リッツ・カールトンのクレドは、クレドカードに下記の通りに記載されています。
リッツ・カールトンはお客様への心のこもったおもてなしと快適さを提供することをもっとも大切な使命とこころえています。
私たちは、お客様に心あたたまる、くつろいだ、そして洗練された雰囲気を常にお楽しみいただくために最高のパーソナル・サービスと施設を提供することをお約束します。
リッツ・カールトンでお客様が経験されるもの、それは感覚を満たすここちよさ、満ち足りた幸福感そしてお客様が言葉にされない願望やニーズをも先読みしておこたえするサービスの心です。

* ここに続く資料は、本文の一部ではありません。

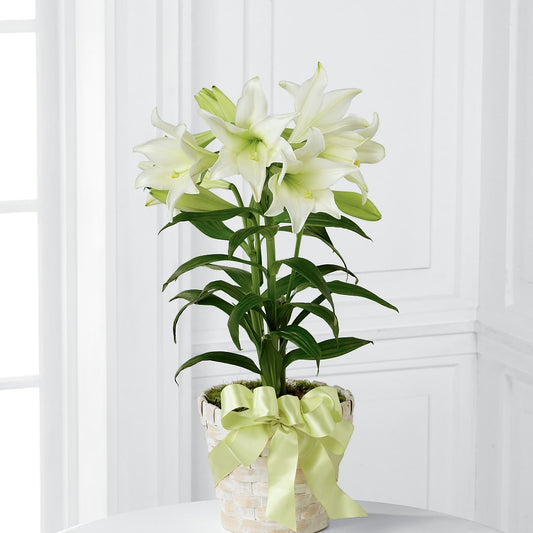 Easter Lily Plant –  Brown Pleasance Florists Inc, Lakewood OH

引用:ザ・リッツ・カールトン「企業理念「ゴールドスタンダード」」引用日2022/12/14
リッツ・カールトンのクレドにある「大切な使命」「お客様への約束」「サービスの心」は、リッツ・カールトンの成功の秘訣であると言えます。
リッツ・カールトンのようなクレドを作り上げ、社内に浸透させるためには、企業のブランディングに関する知識・理解が欠かせません。株式会社イマジナでは、企業のブランディング活動に役立つ無料ブランディングセミナーを開催しております。
クレドとは?クレドを作るメリットも
クレドとは、ラテン語の「credo」に由来し、信条・約束・志を意味する言葉です。
企業におけるクレドには、「従業員が心がけている信念や価値観」という意味があります。企業の信念や価値観を従業員へと浸透させて、従業員の行動の基準とさせることが、クレドを作る目的です。

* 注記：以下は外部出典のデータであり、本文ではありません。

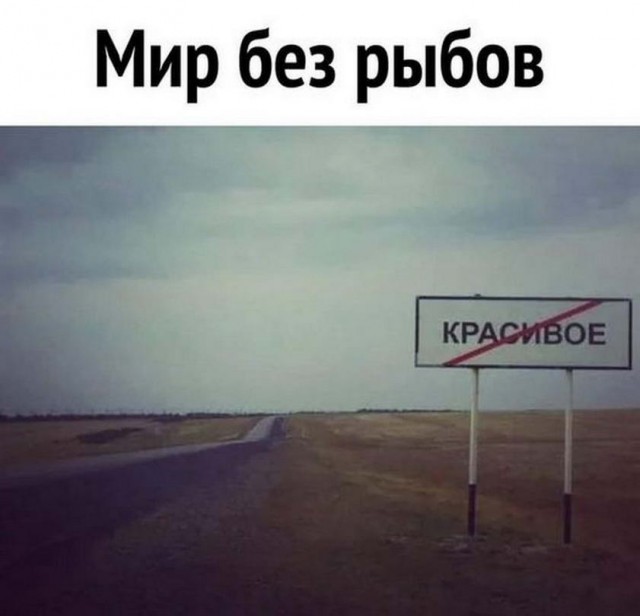 Забавные комментарии из социальных сетей (03.01.22)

クレドは、組織の行動指針を示す「ミッションステートメント」とよく似ています。2つの異なる点は、ミッションステートメントは社外への発信を重視し、一方でクレドは社内への浸透・共有を重視していることです。
ここでは、クレドを作る4つのメリットを解説します。
従業員のモチベーション向上につながる
クレドを作ることで、企業が掲げる信念を従業員は明快に理解できます。従業員が仕事に自信や誇りを持てるようになり、モチベーション向上につながる点がメリットです。
企業が掲げる信念は、企業理念・経営理念の中にも記載されています。
しかし、企業理念・経営理念は抽象的な表現で書かれていて、従業員自身に直接の指針を示すものではありません。個人により捉え方が異なるケースもあり、間違った行動を促すこともあるでしょう。
クレドは、従業員の行動・判断について分かりやすく指針を示している点が特徴です。従業員がクレドを共有して働くことで、自分に求められる役割を理解しやすくなり、主体性を持って業務遂行ができます。
ライバル企業との差別化を図れる
クレドは、企業が掲げる信念を社内外に発信する効果があります。自社の価値観や強みを顧客に発信することで、ライバル企業との差別化を図れる点がメリットです。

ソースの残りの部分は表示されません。